Other recent CIHR-funded studies have revealed that some obese people appear to be protected against the very illnesses most associated with obesity, specifically type 2 diabetes and cardiovascular disease.

These seemingly contradictory findings are fuelling research into the so-called Obesity Paradox, according to CIHR researcher Antony Karelis at the University of Quebec.

Karelis has found that about 30 per cent of obese people appear to display metabolic health indistinguishable from those of young lean individuals, including normal blood pressure, low levels of bad fats, high levels of healthy fats, high insulin sensitivity and low inflammation.

Metabolically healthy obese (MHO) adults also have less fat in their livers, muscles and around their vital organs, but more subcutaneous fat under their skin, he said.

“Some [obese] people collect fat under their skin where it is less likely to go into the liver and the heart or the pancreas and cause all kinds of trouble,” said Karelis. “Fat on their thighs is associated with health benefits, but abdominal fat is more associated with [poor health].”

Karelis argues that identifying people by their metabolic health, rather than their weight, is key for doctors making decisions about how to treat their patients.

“We know these people exist and that they have a lower risk of diabetes and cardiovascular disease,” Karelis said. “They have a better inflammation profile, a better hormonal profile and they are physically stronger.”
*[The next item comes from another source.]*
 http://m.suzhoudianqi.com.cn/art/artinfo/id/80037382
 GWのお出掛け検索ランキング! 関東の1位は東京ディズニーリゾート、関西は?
There are signs that weight loss may be harmful to people who are metabolically healthy but obese.

MHO individuals who participated in a six-month weight-loss study showed deteriorated insulin sensitivity, a risk factor for diabetes and heart disease. Metabolically abnormal obese study participants — those who display inflammation and unhealthy fat profiles usually associated with obesity — showed improved insulin sensitivity, suggesting their health could benefit from weight loss.

A 2009 study in the journal Epidemiology of middle- and older-aged obese adults found an increased risk of death associated with weight loss. Another CIHR study found that weight loss in obese post-menopausal women increased their risk of developing diabetes.”

Since diabetes seems to be the main risk caused by messing with a good thing, i.e. losing weight when you’re metabolically healthy to start, I think I’ll keep on eye on this in my case if I make progress to a leaner me by year 50. We’ve got a type 2 diabetic in the house so monitoring my blood sugar at least is easy.